DoPi


About DoPi

DoPi (Door Opener Pi) is a RaspberryPi based garage door opener. The instructions here are meant to help you build your own. Eventually, I may offer the hardware components as a standalone plug in board for the RaspberryPi. I wanted to make something secure, so I started with a pretty secure password protected web page running on a LAMP server and added SSL. The default password is 'gpio' (without the quotes). I suggest as soon as you get it running that you change the password. Technically it is possible to set a blank password, but this isn't recommended. After getting things setup, I setup port forwarding on TCP 443 to DoPi's IP address. Since I already have a dynamic DNS entry pointing to my home router's IP address, I'm able to access DoPi from anywhere on the internet. If you aren't sure about this or want to be more secure, don't setup port forwarding and the only way you can access DoPi is when you're on your own local WiFi.

How To Install

Installs on Raspbian. Download and run this file from the default user's home directory (/home/pi). (Don't forget to sudo chmod +x install.sh.)

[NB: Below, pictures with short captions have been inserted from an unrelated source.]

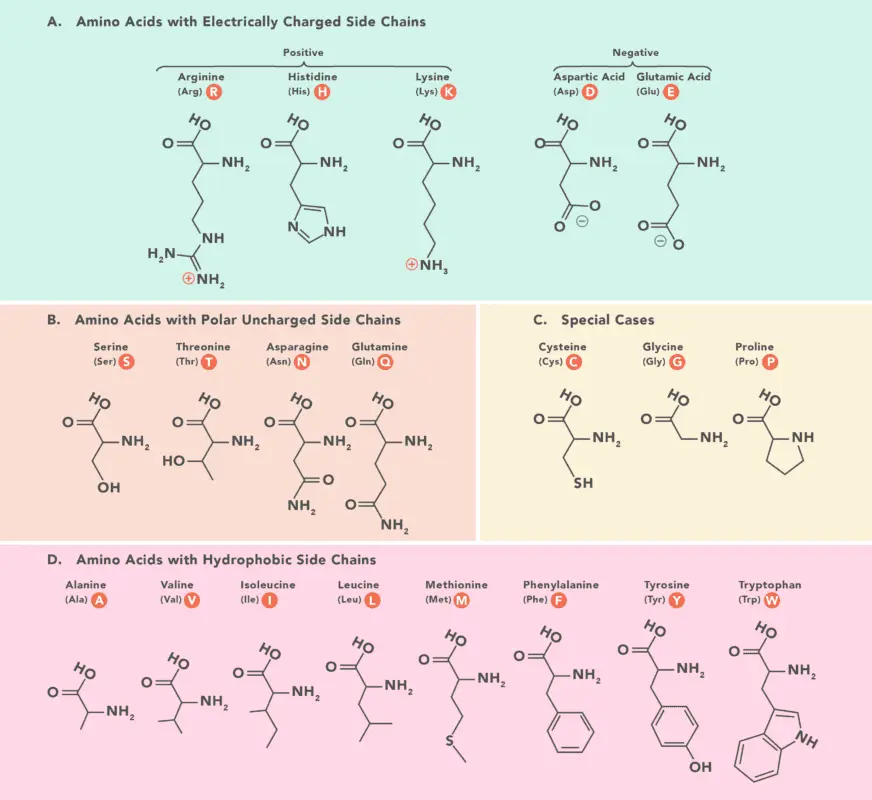 What amino acids and in what form should I take?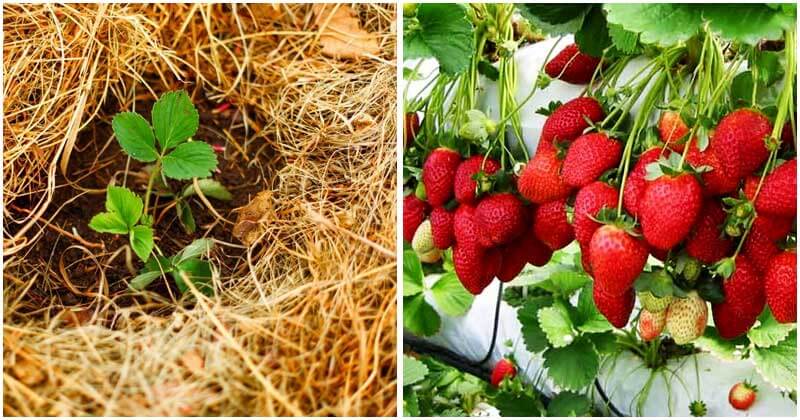 5 Tips To Get Maximum Yield Of Strawberries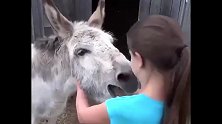 驴子和女孩从小一起长大，好久没见，再见面各种撒娇，激动的直叫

The install will prompt you for your Gmail credentials. This is to allow DoPi to send email. Your password is currently stored in plain text in the ssmtp.conf file (encrypting this is on the roadmap). If you're concerned about safety, sign up for a dummy gmail account and use that one.

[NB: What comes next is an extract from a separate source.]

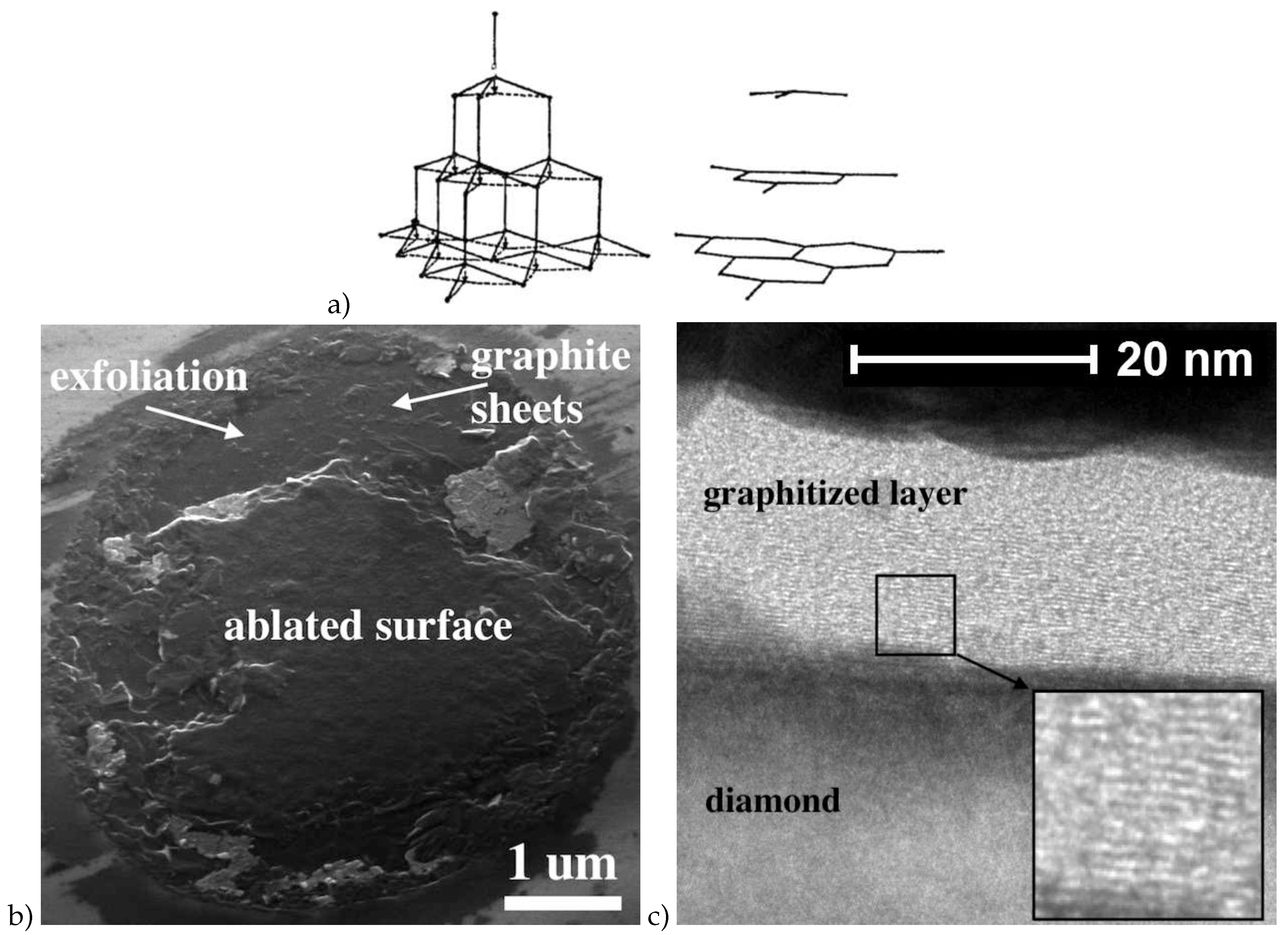 Preprints 81809 g007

To log in for the first time, go to http://<ipaddress> where <ipaddress> is the IP address of your RaspberryPi.

Depending on your browser/settings, you may be prompted about a security problem. This is not actually a significant security problem but your browser complaining that you didn't purchase an SSL certificate. This message is actually good because it means that the communication between your device and DoPi is encrypted. Just click 'Proceed' or 'Continue'.

You may also not get a page that doesn't look anything like the above screenshots. This is because the style information is maintained by me in a separate file on my website. Look in your address bar for a shield and click the link that says 'load unsafe script'. It's not actually an unsafe script; your browser may consider it unsafe based only on the fact that the style comes from my website instead of DoPi. During testing I didn't have this problem on Chrome or Safari through my iPhone running iOS7.

Features

  • Compatible with all smart phones, tablets, and computers.
  • Supports up to 5 doors
  • Secure - Uses SSL and password protection
  • Push button on phone to push the physical garage door button (works same as if you were standing there)
  • Send an email when the door is left open, when closed, or when moving for too long (like it's stuck)
  • Full log of open/close events in the database regardless of control input option
  • Raspberry Pi Camera board support - add a Raspberry Pi Camera board to DoPi to have the option to visibly see the door(s). 

Hardware Required

  • RaspberryPi
  • I used Model B so I could just use the ethernet port. You can always go with Model A and connect your own WiFi dongle.
  • You'll also need a way to power it because it's not included. If you have a phone charger that uses USB micro, you're in business.
  • 4GB SD Card with Raspbian image loaded - You can get this just about any way you want.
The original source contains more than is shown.